From the material below, copy exactly the lines beginning with the one that contains "Cute unicorn face" and ending with the one that contains "Folding garden chairs"; the pictures stay out.

- Entries supplied
**********

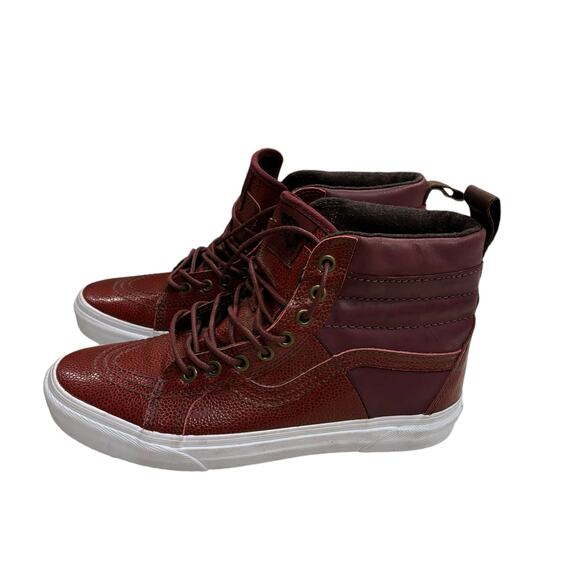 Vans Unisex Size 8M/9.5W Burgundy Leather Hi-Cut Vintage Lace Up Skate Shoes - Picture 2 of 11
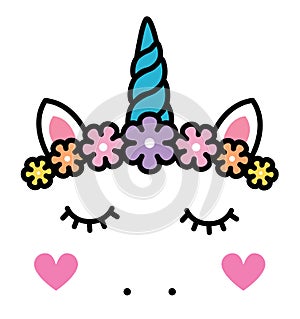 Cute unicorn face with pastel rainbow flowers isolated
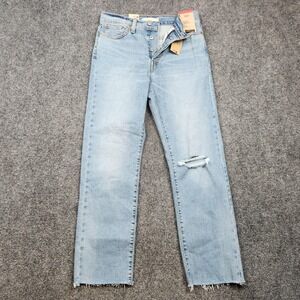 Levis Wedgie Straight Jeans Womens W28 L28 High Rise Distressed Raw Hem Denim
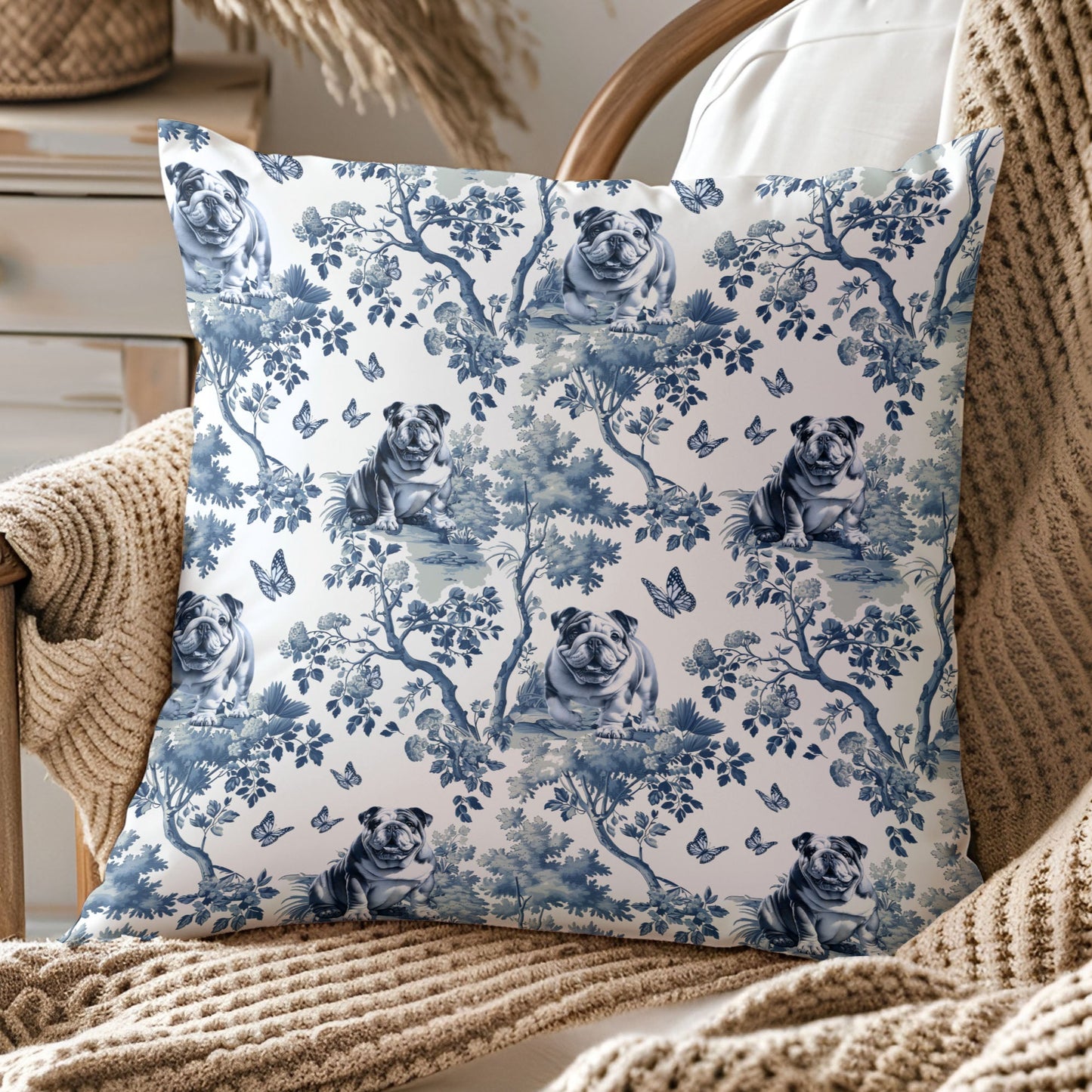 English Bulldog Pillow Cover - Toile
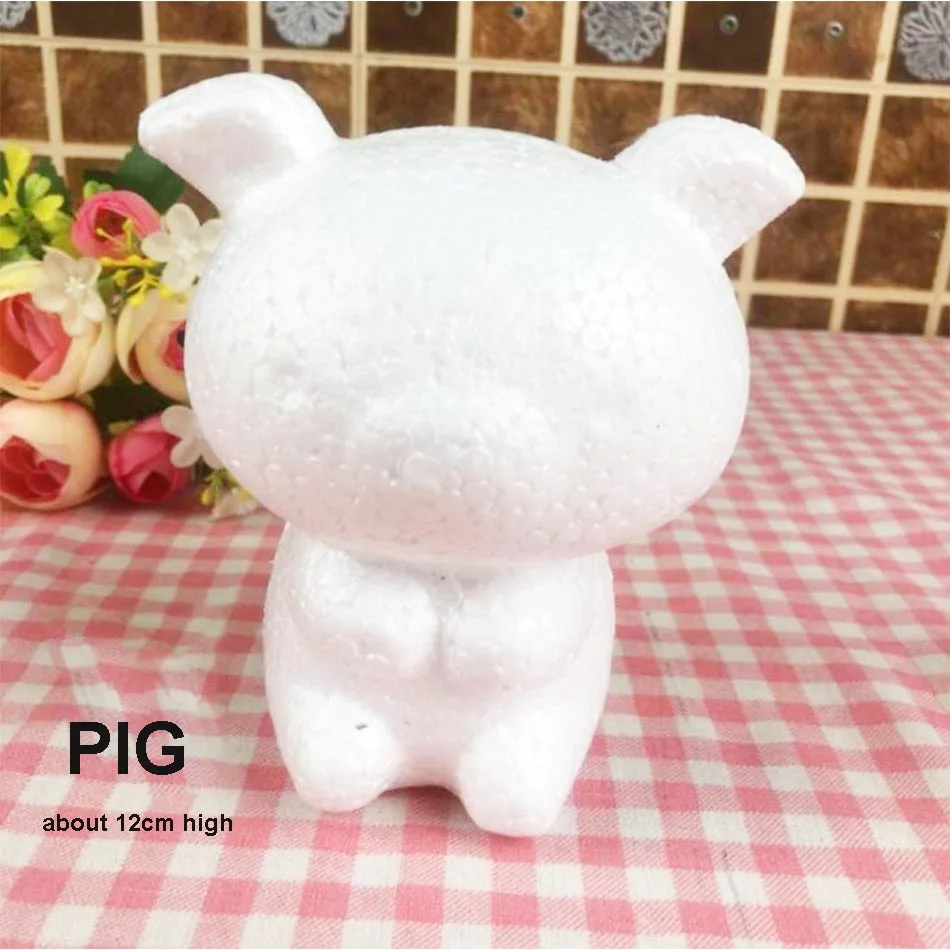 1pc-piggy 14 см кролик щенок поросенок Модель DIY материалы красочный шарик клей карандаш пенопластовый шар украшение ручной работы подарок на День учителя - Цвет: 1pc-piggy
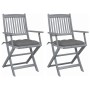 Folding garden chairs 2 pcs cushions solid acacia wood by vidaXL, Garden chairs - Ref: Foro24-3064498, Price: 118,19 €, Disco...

**********

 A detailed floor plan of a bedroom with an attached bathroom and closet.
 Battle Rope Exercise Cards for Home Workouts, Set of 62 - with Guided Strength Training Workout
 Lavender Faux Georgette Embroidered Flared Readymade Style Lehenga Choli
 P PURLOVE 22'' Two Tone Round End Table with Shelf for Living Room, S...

**********

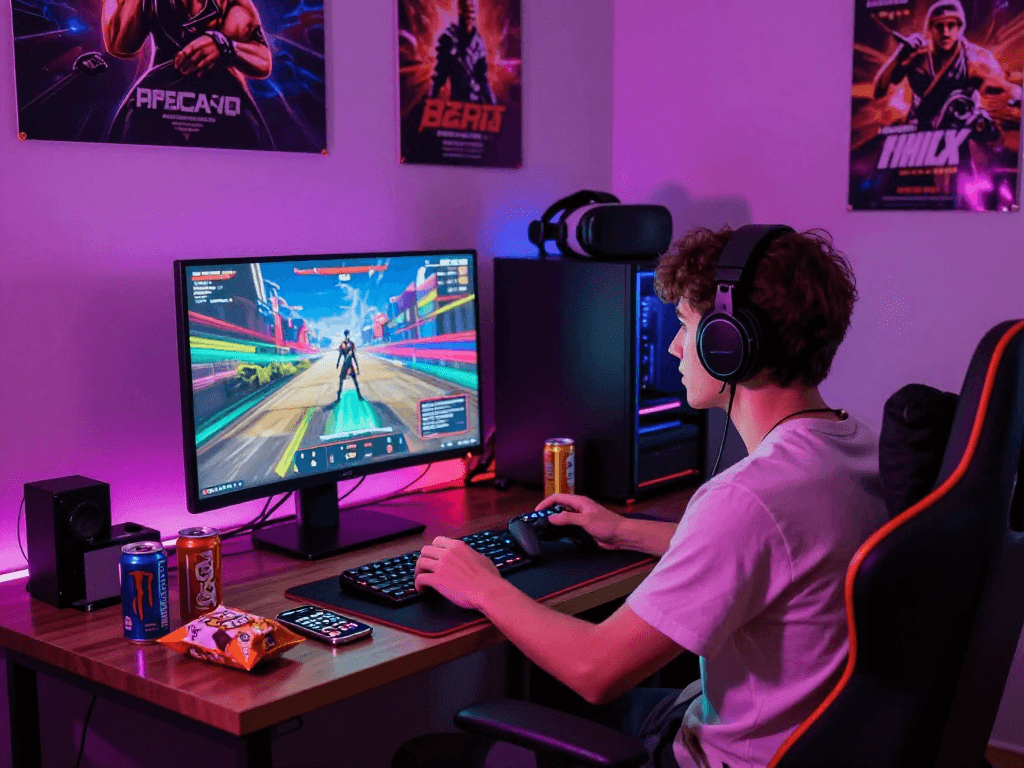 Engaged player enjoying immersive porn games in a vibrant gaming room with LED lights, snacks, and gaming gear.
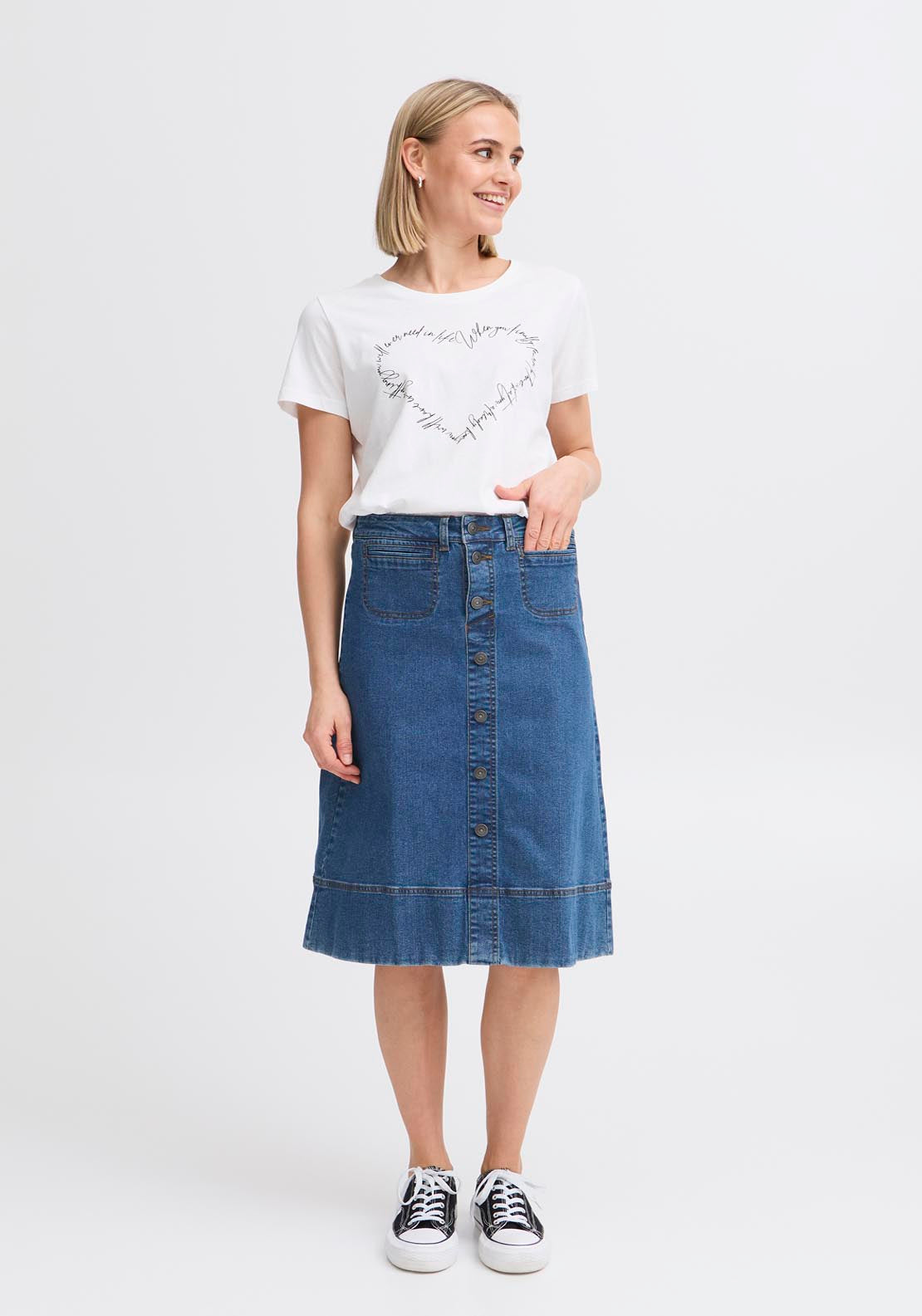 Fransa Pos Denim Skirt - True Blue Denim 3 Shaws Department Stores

**********

- Task result
 Cute unicorn face with pastel rainbow flowers isolated
 Levis Wedgie Straight Jeans Womens W28 L28 High Rise Distressed Raw Hem Denim
 English Bulldog Pillow Cover - Toile
 1pc-piggy 14 см кролик щенок поросенок Модель DIY материалы красочный шарик клей карандаш пенопластовый шар украшение ручной работы подарок на День учителя - Цвет: 1pc-piggy
 Folding garden chairs 2 pcs cushions solid acacia wood by vidaXL, Garden chairs - Ref: Foro24-3064498, Price: 118,19 €, Disco...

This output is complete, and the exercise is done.